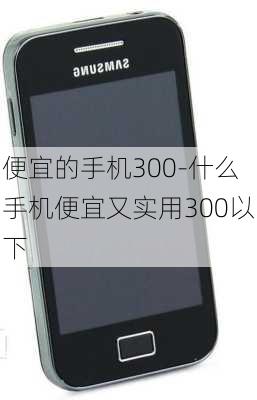 便宜的手机300-什么手机便宜又实用300以下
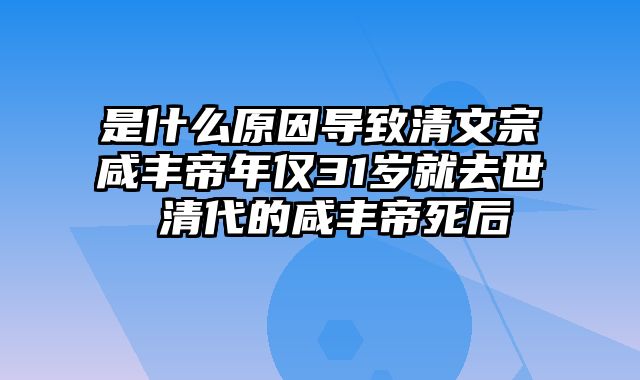 是什么原因导致清文宗咸丰帝年仅31岁就去世 清代的咸丰帝死后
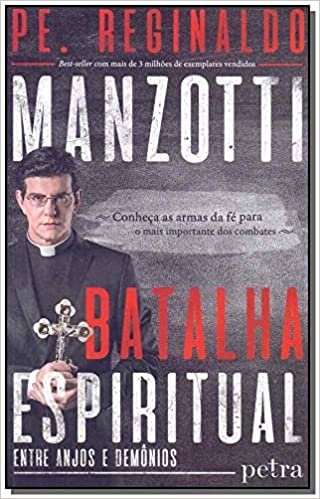 Batalha Espiritual Entre Anjos E Demônios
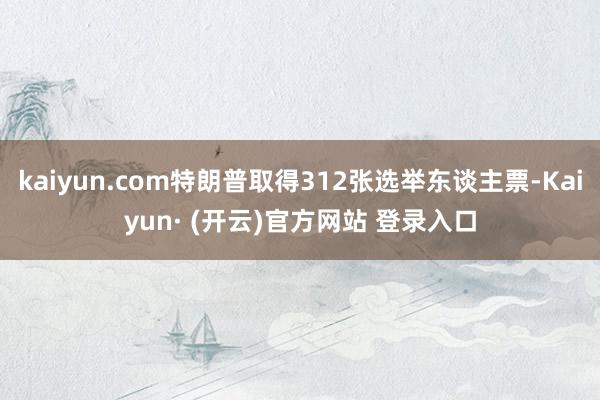kaiyun.com特朗普取得312张选举东谈主票-Kaiyun· (开云)官方网站 登录入口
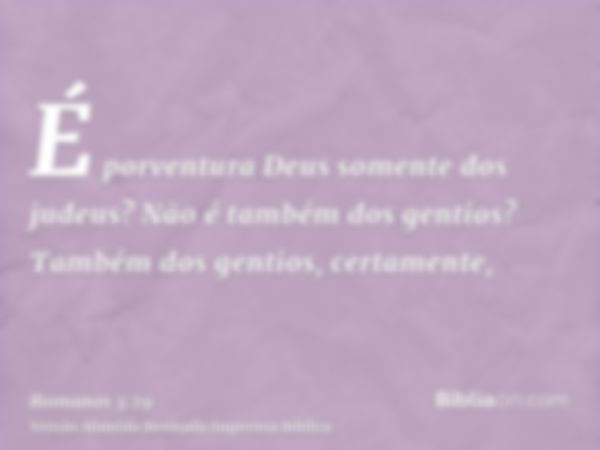 É porventura Deus somente dos judeus? Não é também dos gentios? Também dos gentios, certamente,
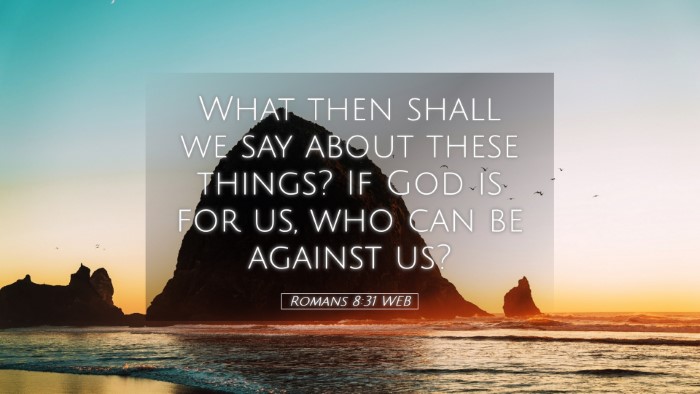 Picture 05 - Romans 8:31 WEB Desktop Wallpaper - What then shall we say about these things? If God - Desktop Bible Verse Wallpaper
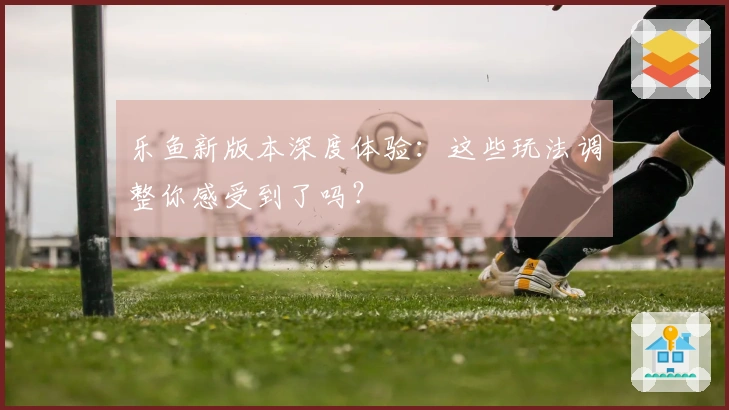 乐鱼新版本深度体验：这些玩法调整你感受到了吗？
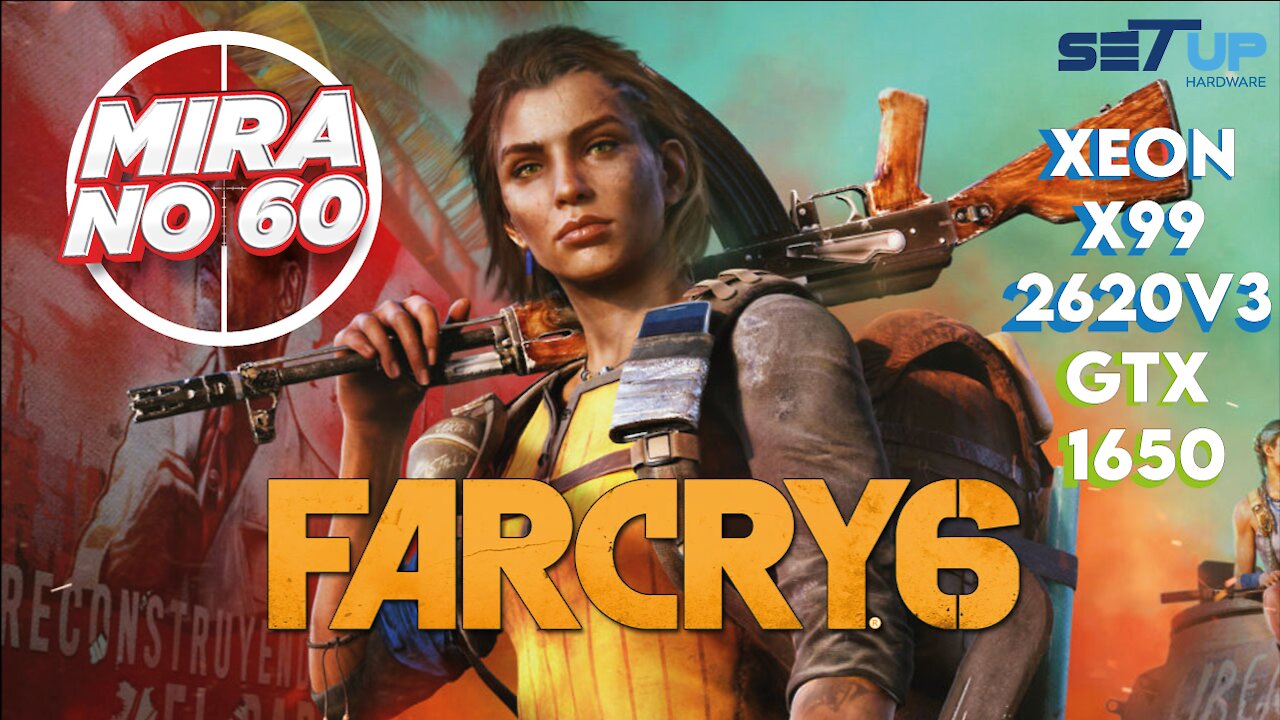 FARCRY6 - MIRA NO 60 - XEON X99 2620v3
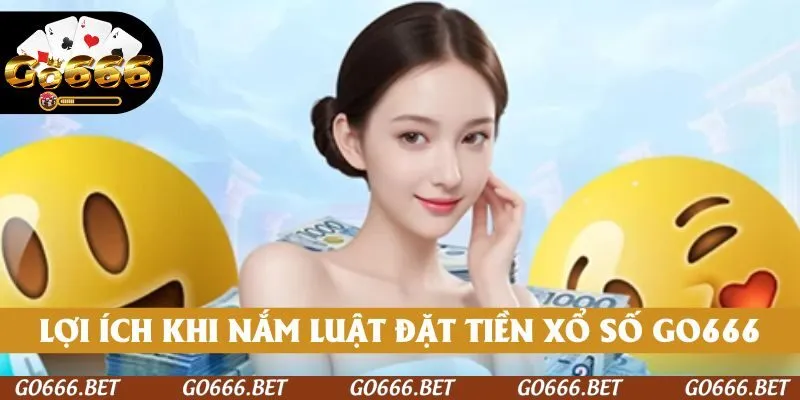 Lợi ích khi nắm vững luật đặt tiền xổ số GO666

* * *

▶ _What is required_: From the listing above, print every entry precisely and drop the pictures.

▶ _Answer for the task_:
 便宜的手机300-什么手机便宜又实用300以下
 是什么原因导致清文宗咸丰帝年仅31岁就去世 清代的咸丰帝死后
 Batalha Espiritual Entre Anjos E Demônios
kaiyun.com特朗普取得312张选举东谈主票-Kaiyun· (开云)官方网站 登录入口
 É porventura Deus somente dos judeus? Não é também dos gentios? Também dos gentios, certamente,
 Picture 05 - Romans 8:31 WEB Desktop Wallpaper - What then shall we say about these things? If God - Desktop Bible Verse Wallpaper
 乐鱼新版本深度体验：这些玩法调整你感受到了吗？
 FARCRY6 - MIRA NO 60 - XEON X99 2620v3
 Lợi ích khi nắm vững luật đặt tiền xổ số GO666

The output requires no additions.